Chickens nearing roost in Kalona; project bid letting set
KALONA — As long as there are no roosters or objections from neighbors, chickens may get to roost in residential Kalona. Monday, the Kalona council agreed to consider application permits on a case-to-case basis provided there are no more than four chickens, and a proper coop within proper boundary lines. Another consideration is that the chicken habitat follow city zoning regulations. Action on an ordinance segment is expected at the next meeting. The council already is on record it will do three readings.
The next meeting, May 19, also will see action on a $250,000 budget amendment, reflecting additions in both revenue allocations (mainly from grants including $44,000 from Vision Iowa) and unexpected expenses. A public hearing for the issue is set for 7 p.m. and will be followed by a bid-letting at 7:15 p.m. for an estimated $85,000 renovation to the west side of the city Maintenance Building.
The renovation involves creating offices, storage spaces, restroom, break room and an addition for larger equipment. Plans call for the contractor “to provide us with a pretty good shell we can finish,” said City Administrator Ryan Schlabaugh. The plan also includes “redoing the siding on the front of the building.” Work will be done this summer.
The council also discussed the annual drinking water permit, a state requirement, on which there currently is a moratorium. There is nothing wrong with Kalona’s water; the issue relates to the rural Amish-operated Stringtown Grocery, within the Kalona purview, that brings in water via tankers, explained Schlabaugh. In fact, the arrangement is the first in the state, he said, noting the water is tested daily with a report to Kalona monthly. For Kalona, the redrafting of the contract with Stringtown is geared to lessening liability.
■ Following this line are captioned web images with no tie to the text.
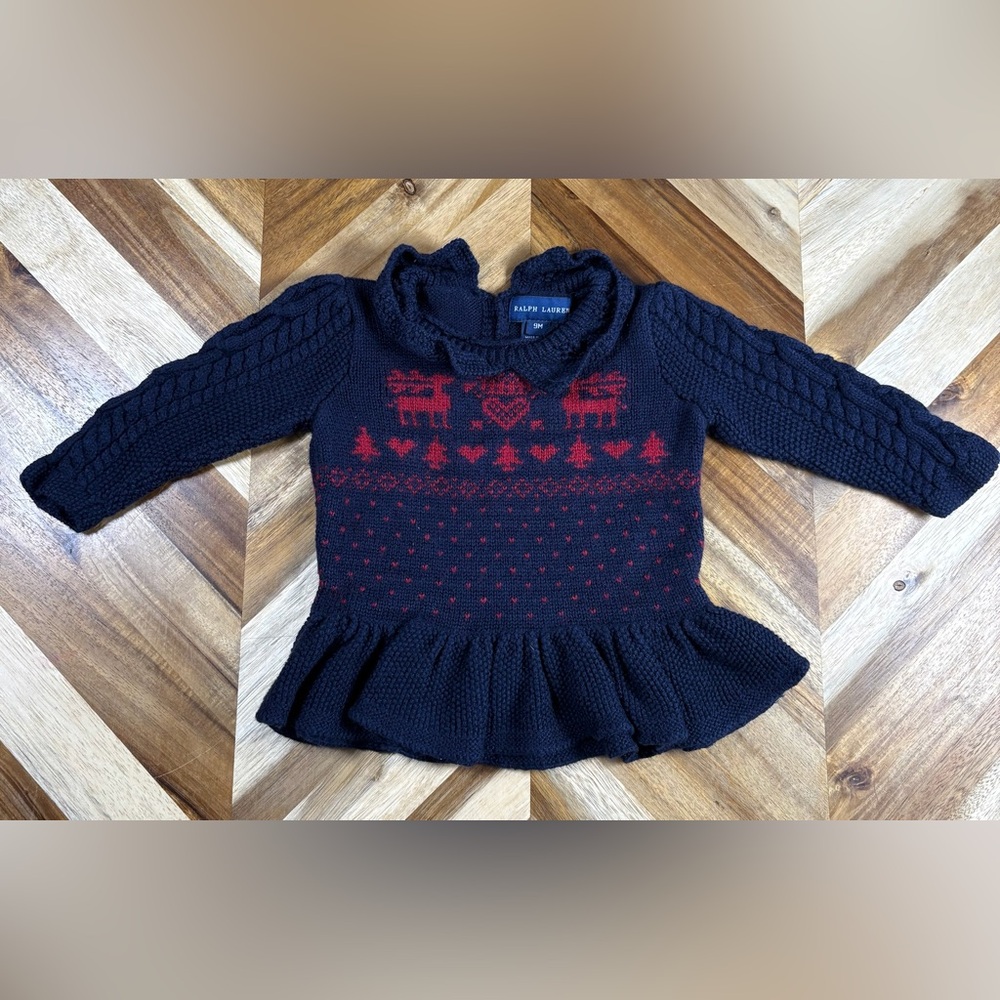 Ralph Lauren Navy Blue & Red Fair Isle Reindeer Christmas Sweater Peplum Hem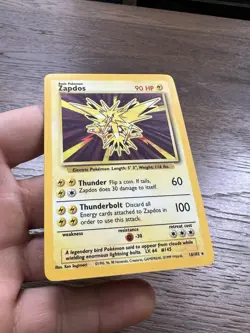 Pokemon TCG Zapdos Base Set 16/102 Holo Unlimited Holo Rare MP/LP - Image 1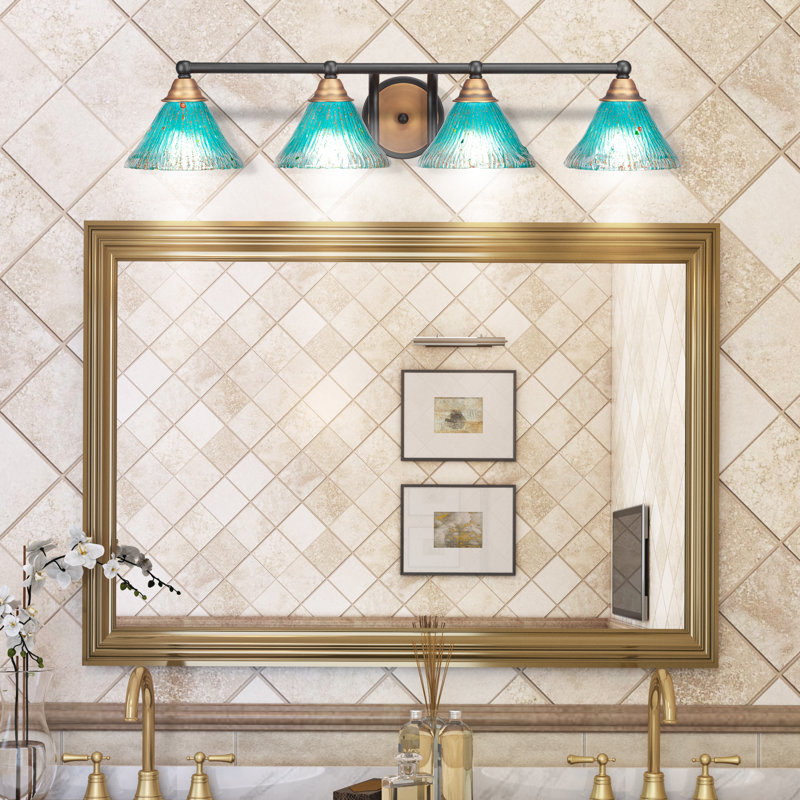 Ayrshire 4-Light Bath Bar, Matte Black/Brushed Gold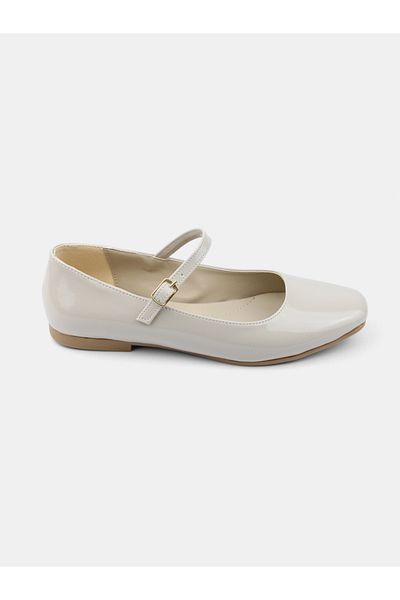 MAGGIO Women's Beige Patent Leather Single Strap Mary Jane Ballerina Comfortable Sole Narrow Fit Take One Size Larger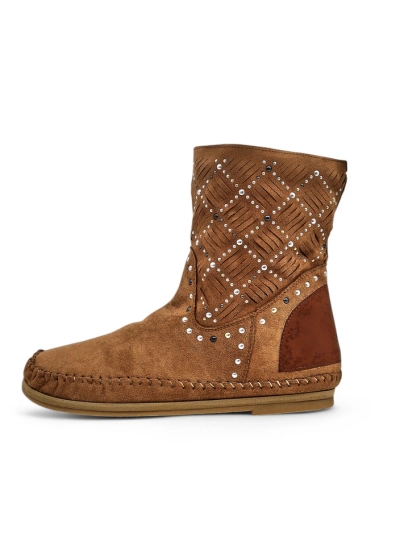 Royalfashion Női bokacsizma alacsony wedge-dzsel és szegecsekkel, indiai stílus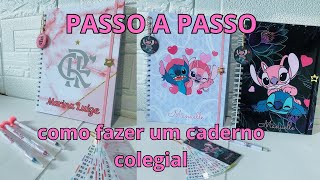 COMO FAZER CADERNO COLEGIAL passo a passo  CADERNO COLEGIAL DO ZERO [upl. by Chute]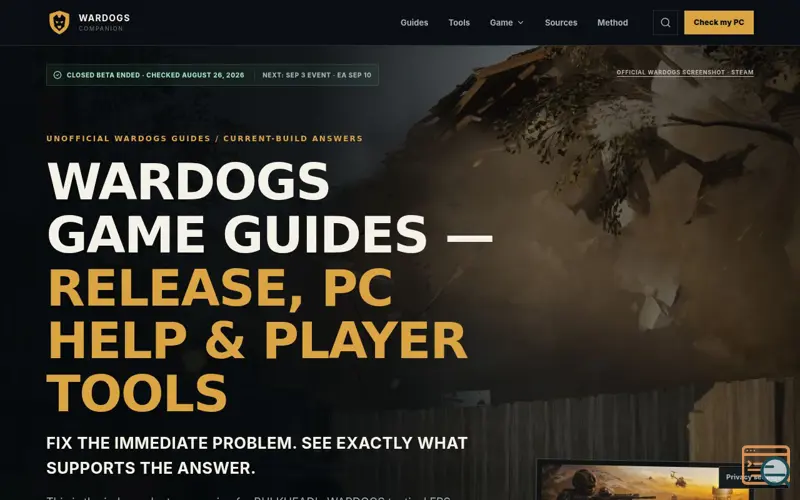 Screenshot of WARDOGS Guides & PC Player Tools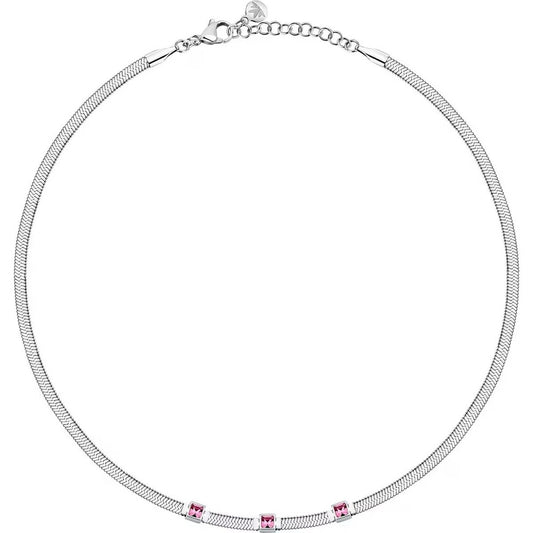 Zilverkleurige Morellato GIOIA armband met elegante afwerking en drie roze stenen.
In other business, the council:
• discussed the possible joint project with the Mid-Prairie School District that could see a new gym at the middle school and a new community center for the city. Martin Gardener Architecture of Marion has worked on the preliminary plans for the city and would continue with Phase 2 for $10,500. However, the council delayed any further action to — as council member Mark Robe noted — “see if Mid-Prairie is still on board.” Action for both sides had been halted until the M-P $10.6 million bond issue of April 1, which had no involvement with the proposed joint project. A committee meeting to discuss both sides’ positions will be held in June. Initially plans had included possibly housing the M-P Home School Assistance Program (HSAP) in a remodeled Kalona Community Center (a former M-P junior high that also houses the city hall). The HSAP instead will be a new five-classroom addition at the middle school. Mayor Ken Herington said, he had really wanted “to see the home school here,” and called the change “a major mistake.” A key issue was district ownership of the property;
• approved a three-year contract to continue auditing services with Gronewold, Bell, Kyhnn and Company at $9,600 annually;
• approved a resolution to amend the financing agreement between the city and the Iowa Finance Authority that will drop Kalona’s interest rate from 3 percent to 1.75 percent for the $503,000 Sewer Revenue Capital Loan note;
• learned that the Safe Routes to School program is under way. It is a partnership among the school, the city, and the county Public Health Department, funded by grants;
• learned that the municipal pool opens May 24; and
• learned there will be repairs made to the existing recreational facilities in the community center.